During his tenure in the military Rue served as the head team physician for the Naval Academy. He deployed to Iraq with the 1st Marine Expeditionary Force in support of Operation Iraqi Freedom as the chief orthopedic surgeon, Charlie Surgical Company Forward Resuscitative Unit, Camp Fallujah, Iraq. He has also spent time in Okinawa, Japan.

“I did a lot of general surgery,” he explains. “I did chest tubes. I did central lines. I helped the general surgeon do vascular repairs. I helped do belly surgeries. I took out intestines. I sewed up massive wounds.”

The orthopedic injuries, he says, could wait — unless it was a vascular injury or an amputation.

“From an orthopedic standpoint it wasn’t glamorous, and it wasn’t sexy,” Rue recalls. “And it was the opposite of sports medicine.”

Still, it was a very rewarding experience.

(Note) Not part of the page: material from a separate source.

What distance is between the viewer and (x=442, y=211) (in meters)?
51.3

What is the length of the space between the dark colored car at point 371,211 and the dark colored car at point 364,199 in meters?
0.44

“It gave me the opportunity to see that the medical facilities we have in the U.S. are fantastic,” he says. “That with limited resources you could still give good care. And if you know your anatomy, you can pretty much do most things.”

Keeping Up

Today, Rue specializes in the prevention and treatment of injuries related to sports and exercise. He treats patients of all ages, serving athletes ranging from the casual jogger and weekend warrior to competitive collegiate athletes.

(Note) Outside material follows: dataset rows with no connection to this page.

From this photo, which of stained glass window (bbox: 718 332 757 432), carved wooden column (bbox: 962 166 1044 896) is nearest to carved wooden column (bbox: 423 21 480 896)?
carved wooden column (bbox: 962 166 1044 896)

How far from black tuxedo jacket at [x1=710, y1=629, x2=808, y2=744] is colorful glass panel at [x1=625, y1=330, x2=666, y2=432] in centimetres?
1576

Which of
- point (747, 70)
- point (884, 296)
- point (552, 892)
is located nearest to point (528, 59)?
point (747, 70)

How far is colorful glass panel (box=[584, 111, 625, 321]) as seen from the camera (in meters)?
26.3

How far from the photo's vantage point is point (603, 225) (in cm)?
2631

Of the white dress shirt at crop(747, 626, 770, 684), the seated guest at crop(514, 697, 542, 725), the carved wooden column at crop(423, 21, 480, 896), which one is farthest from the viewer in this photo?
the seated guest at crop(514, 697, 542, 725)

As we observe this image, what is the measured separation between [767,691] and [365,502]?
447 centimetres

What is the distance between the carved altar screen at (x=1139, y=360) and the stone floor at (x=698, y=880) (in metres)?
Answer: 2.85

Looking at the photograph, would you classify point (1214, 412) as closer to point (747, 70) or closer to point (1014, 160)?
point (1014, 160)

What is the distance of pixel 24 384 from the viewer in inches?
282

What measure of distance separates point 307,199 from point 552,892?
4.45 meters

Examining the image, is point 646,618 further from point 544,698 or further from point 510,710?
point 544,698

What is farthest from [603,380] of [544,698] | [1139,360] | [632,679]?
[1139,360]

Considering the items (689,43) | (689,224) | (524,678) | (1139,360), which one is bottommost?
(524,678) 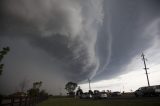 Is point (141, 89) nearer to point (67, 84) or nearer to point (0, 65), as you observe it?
point (0, 65)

His primary focus is treating injuries of the knee, shoulder and elbow, from ACL tears, meniscus and cartilage injuries to shoulder instability and rotator cuff injuries. As such, he’s also seen dramatic changes in technology and surgical procedures over the last10 to 15 years.

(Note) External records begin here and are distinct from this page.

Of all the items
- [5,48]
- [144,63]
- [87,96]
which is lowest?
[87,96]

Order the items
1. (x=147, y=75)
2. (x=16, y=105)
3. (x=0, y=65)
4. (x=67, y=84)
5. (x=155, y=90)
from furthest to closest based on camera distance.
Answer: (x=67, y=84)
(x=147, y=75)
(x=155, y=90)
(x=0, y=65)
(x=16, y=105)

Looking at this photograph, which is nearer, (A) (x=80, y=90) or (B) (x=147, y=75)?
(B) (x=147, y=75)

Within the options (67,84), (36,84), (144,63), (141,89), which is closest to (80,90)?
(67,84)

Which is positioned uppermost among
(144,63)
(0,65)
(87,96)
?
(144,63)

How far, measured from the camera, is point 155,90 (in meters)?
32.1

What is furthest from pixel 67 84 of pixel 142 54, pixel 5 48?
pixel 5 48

“Some of it’s better, some of it is just different,” he says. “But just because we have a better tool, or a slicker tool, doesn’t mean it’s a better tool for outcomes. And that’s the challenge. The onus is on us as surgeons to make sure that it’s not just a new widget, but that it really is safe for patients and going to offer something new or better.”

And be cost conscious.

“If you go to the big scientific meetings and walk through the aisles of companies, the technology that’s available is amazing,” he says. “The real question is, is it better than what I have now, or just cooler than what we have now?”

Still Active, and Reflective

Rue is married and the father of four children. He loves staying active, and enjoys teaching his children what he calls life sports.

“Fishing is a good life sport,” he says. “You can do that forever.”

He also reflects on his time in Iraq as one of the most rewarding in his career —despite doing just the opposite of sports medicine.

“There was no better feeling than to be involved in the care of a group of soldiers, sailors or airmen who had been in a terrible battle and then basically to save their lives,” Rue says.

He also recalls having several opportunities to phone an injured soldier’s family. To get the soldier’s mother on the phone, introduce himself, and say that her son or daughter was doing fine.

“That was truly amazing to take care of those young men and women,” he says. “And it was very humbling.”